* **Task to complete**:
Each record below needs to be reproduced precisely, though not its pictures.

[Records drawn from a dataset]
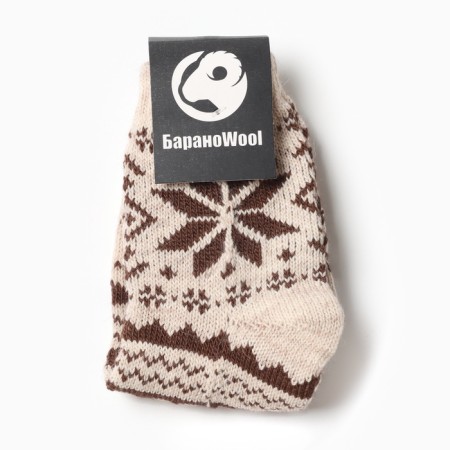 New Year. Women's socks, white/brown color, rr 25-27-2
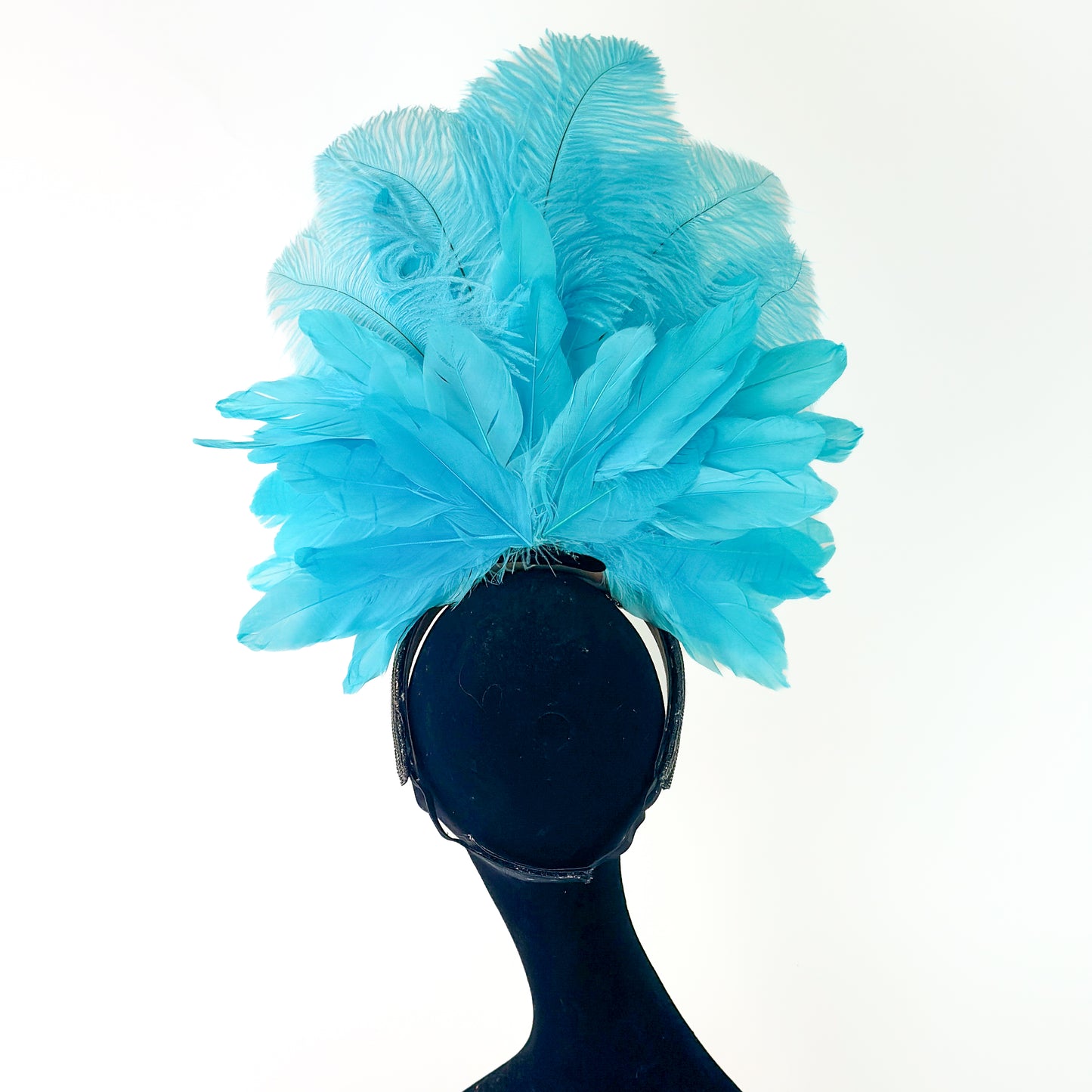 Ginger Light Turquoise Showgirl Feather Headpiece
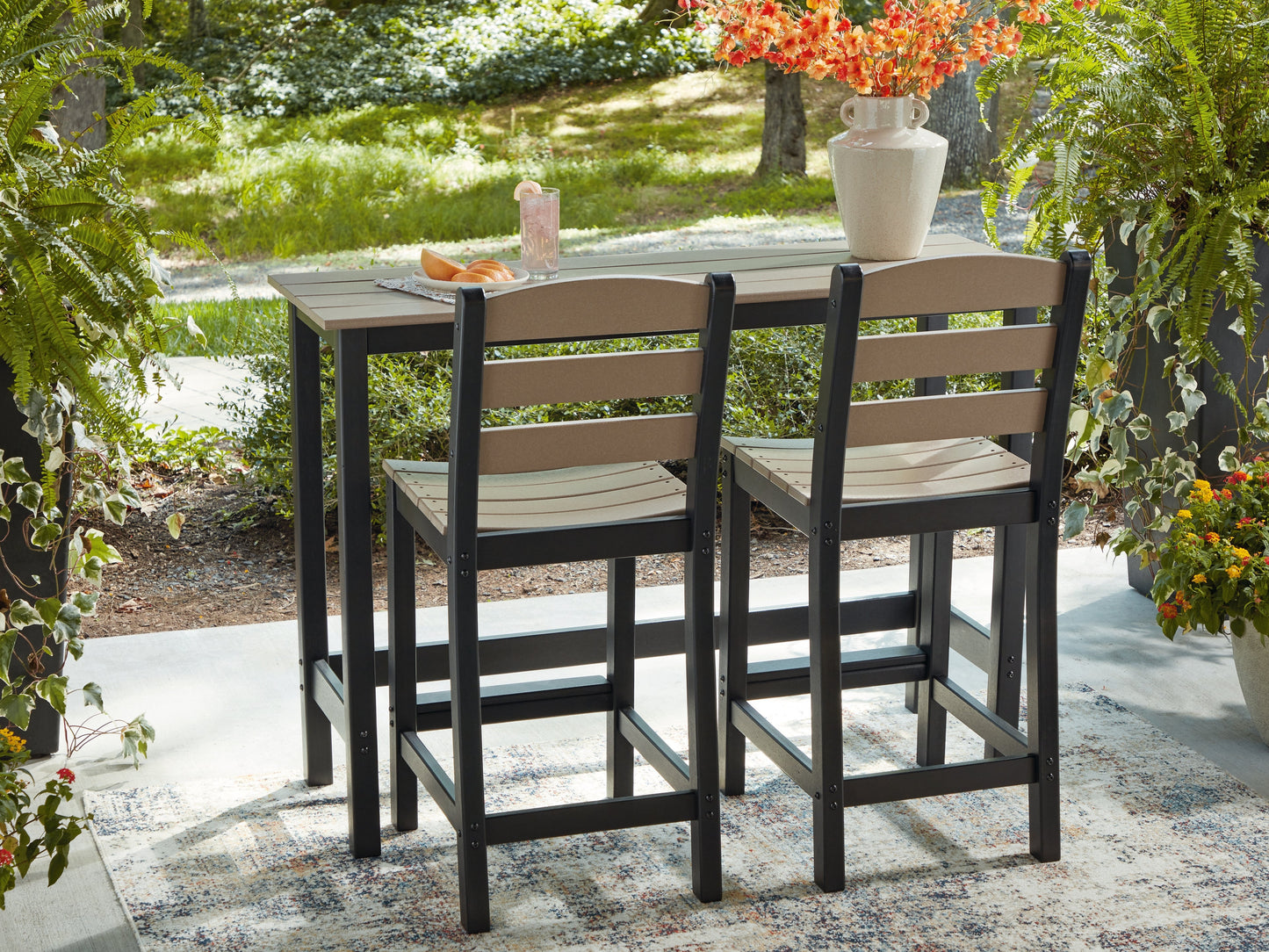 Shoreline Beach Black/Beige Counter Table Set (Set of 3)- Viva Furn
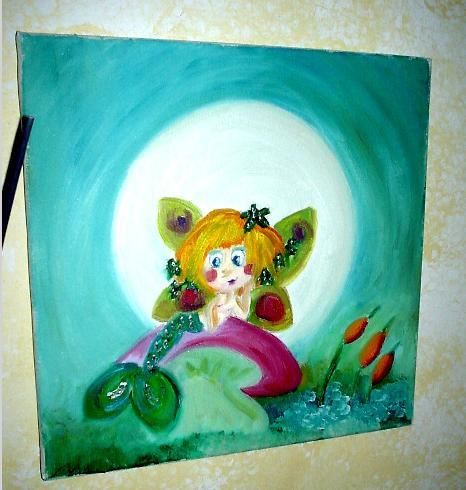 Pittura intitolato "sea fairy on mushro…" da Sonia Rhea, Opera d'arte originale, Olio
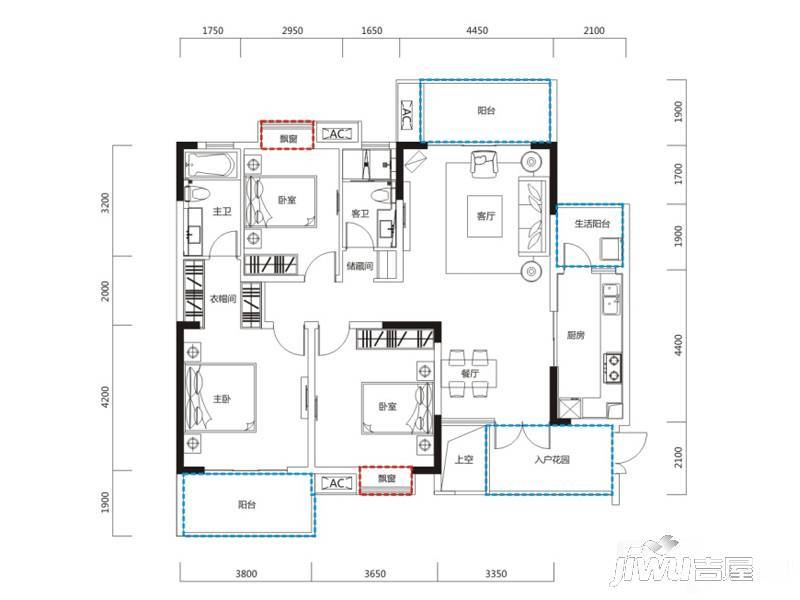 恒大天府半岛3室2厅2卫138㎡户型图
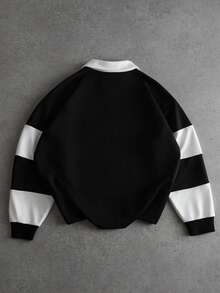 PAVTROS Men's Fashion Striped Long Sleeve Casual Loose Polo Shirt.Streetwear,Friends,Matching,Baggy,For Men,Graphic,Japanese Style,Unisex,I Love My Girlfriend - Black and White - View 2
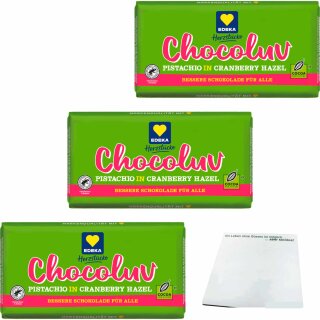 Edeka Herzstücke Chocoluv Pistazie Cranberry Haselnuss 3er Pack (3x150g Tafel) + usy Block
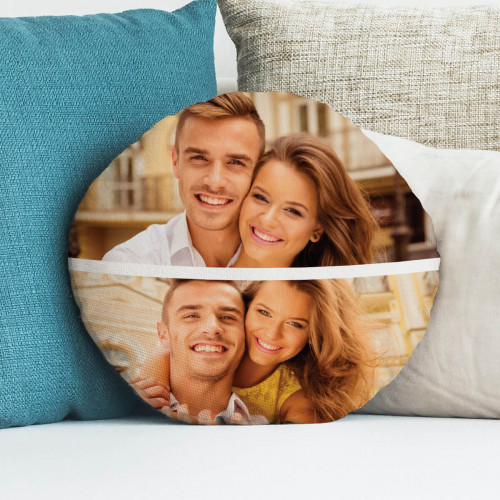 personalised Split Round Photo Cushion 18"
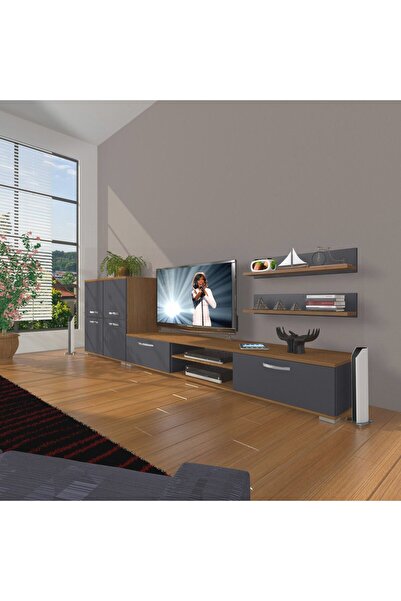 Decoraktiv Eko On Mdf Dvd Tv Ünitesi Tv Sehpası - Ceviz - Antrasit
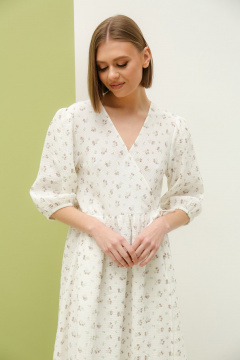 Летнее белое платье на запах с сборками PUR PUR 11-079/5 - фото 3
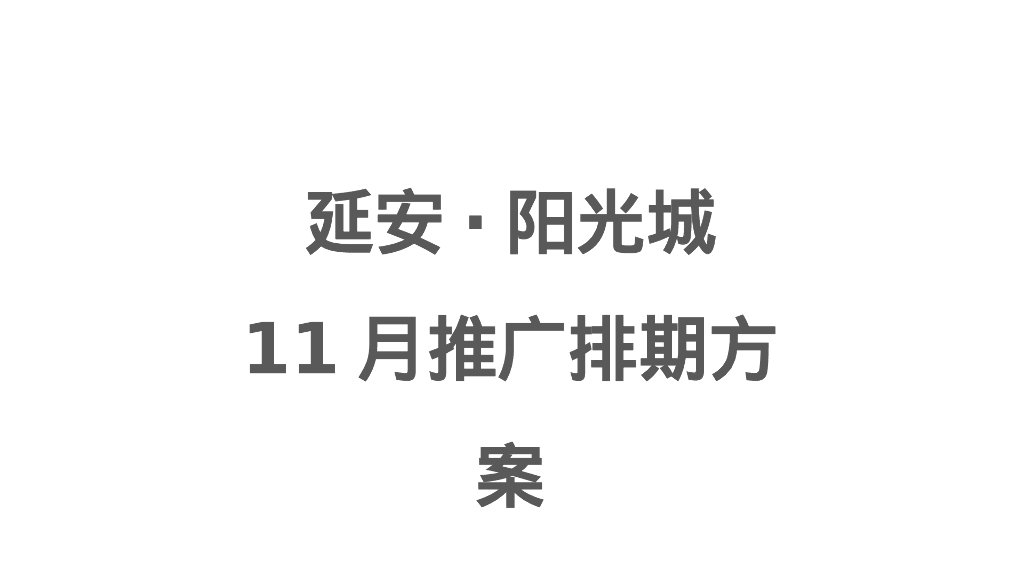房地产项目11月推广方案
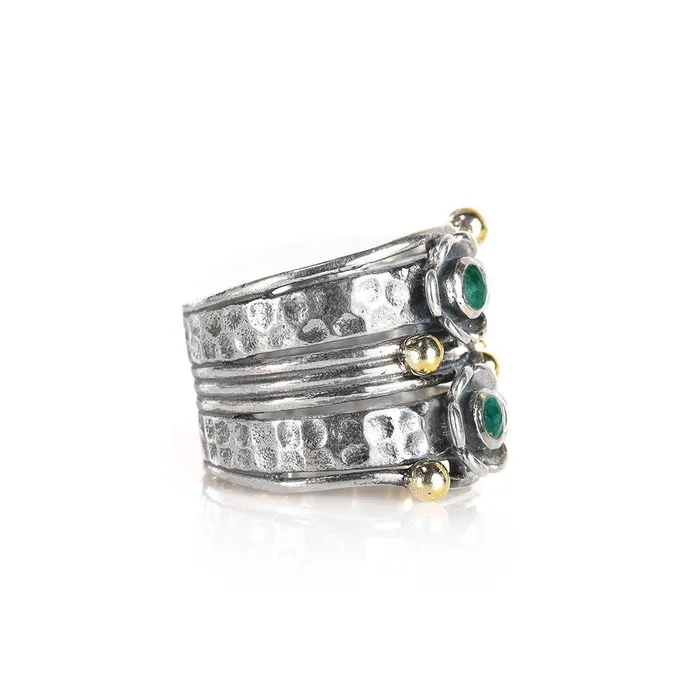 Rings YoTreasure 3 MM Green Emerald 925 Sterling Silver Brass Wide Band Statement Ring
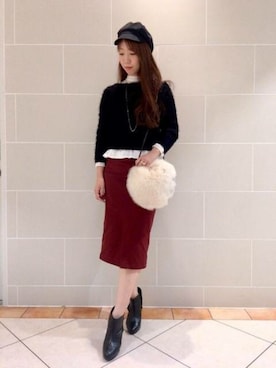 「ブラック」｜「アイテム（キャスケット）」を使った、DEICYさん（レディース・159cm）の秋コーディネート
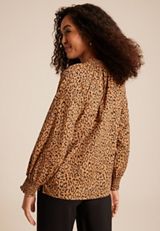 Animal V Neck Poplin Blouse, C7844, small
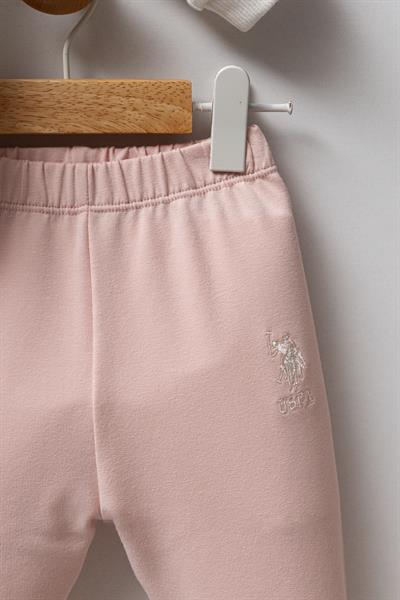 U.S. Polo Assn. Kız Bebek 2li Takım Beyaz -Pudra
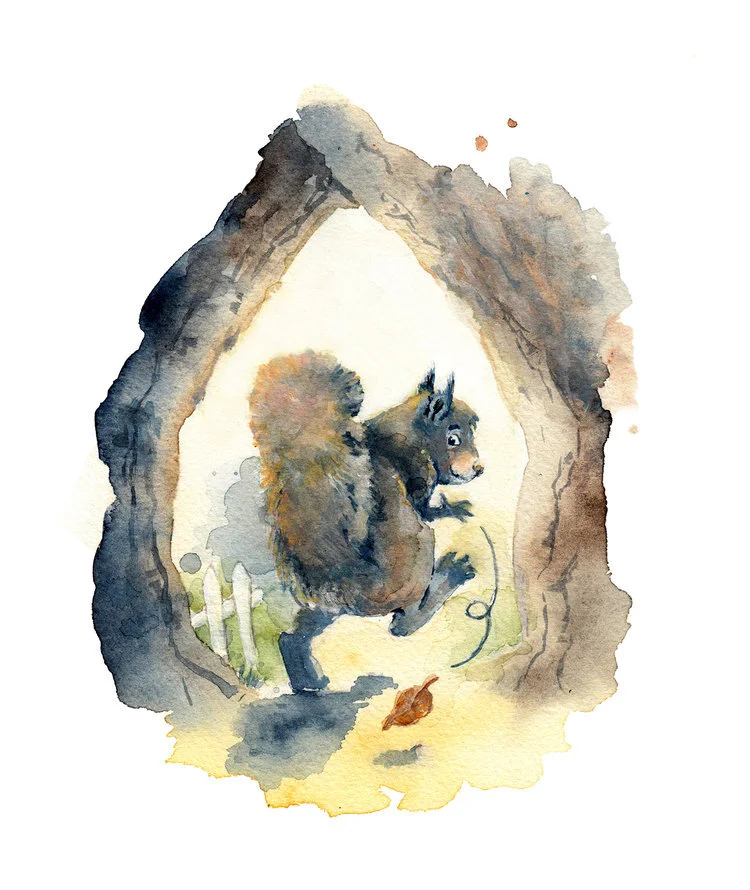 Leaving a Message / 2018 / watercolor on paper / 31 x 23 cm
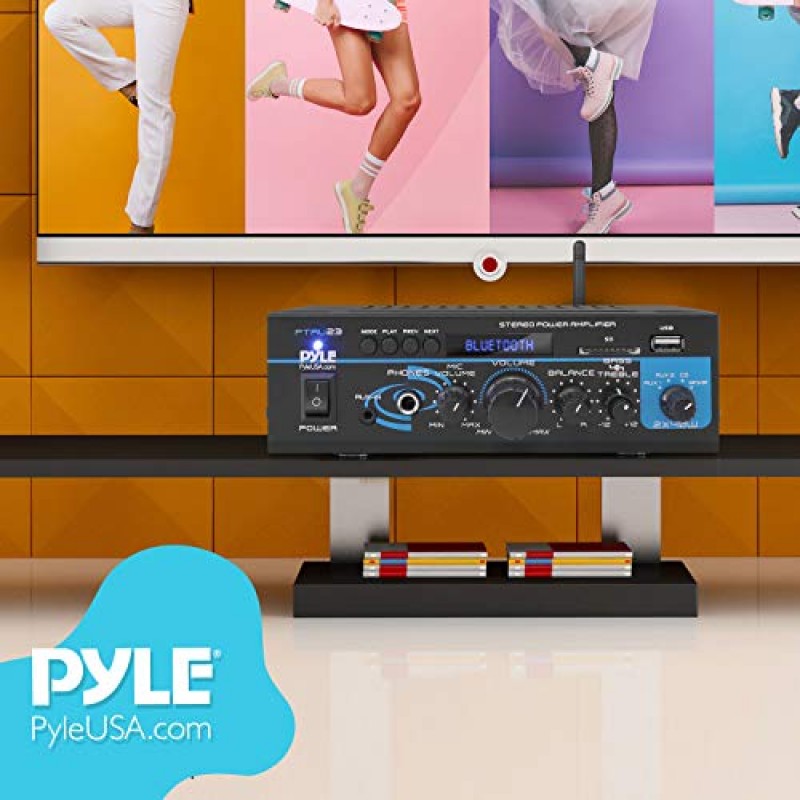 Pyle 홈 홈 오디오 Bluetooth 전력 증폭기 시스템 - 2X40W 미니 듀얼 채널 믹서 사운드 스테레오 수신기 상자(RCA, USB, AUX, 헤드폰, 마이크 입력, 극장, 홈 엔터테인먼트, 스튜디오 사용-PTAU23 포함)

* **Response to this task**:
 New Year. Women's socks, white/brown color, rr 25-27-2
 Ginger Light Turquoise Showgirl Feather Headpiece
 Shoreline Beach Black/Beige Counter Table Set (Set of 3)- Viva Furn
 Pittura intitolato "sea fairy on mushro…" da Sonia Rhea, Opera d'arte originale, Olio
 恒大天府半岛3室2厅2卫138㎡户型图
 PAVTROS Men's Fashion Striped Long Sleeve Casual Loose Polo Shirt.Streetwear,Friends,Matching,Baggy,For Men,Graphic,Japanese Style,Unisex,I Love My Girlfriend - Black and White - View 2
 Edeka Herzstücke Chocoluv Pistazie Cranberry Haselnuss 3er Pack (3x150g Tafel) + usy Block
 personalised Split Round Photo Cushion 18"
 Decoraktiv Eko On Mdf Dvd Tv Ünitesi Tv Sehpası - Ceviz - Antrasit
 Летнее белое платье на запах с сборками PUR PUR 11-079/5 - фото 3
房地产项目11月推广方案
 Rings YoTreasure 3 MM Green Emerald 925 Sterling Silver Brass Wide Band Statement Ring
 「ブラック」｜「アイテム（キャスケット）」を使った、DEICYさん（レディース・159cm）の秋コーディネート
 Animal V Neck Poplin Blouse, C7844, small
 U.S. Polo Assn. Kız Bebek 2li Takım Beyaz -Pudra
 Leaving a Message / 2018 / watercolor on paper / 31 x 23 cm
 Pyle 홈 홈 오디오 Bluetooth 전력 증폭기 시스템 - 2X40W 미니 듀얼 채널 믹서 사운드 스테레오 수신기 상자(RCA, USB, AUX, 헤드폰, 마이크 입력, 극장, 홈 엔터테인먼트, 스튜디오 사용-PTAU23 포함)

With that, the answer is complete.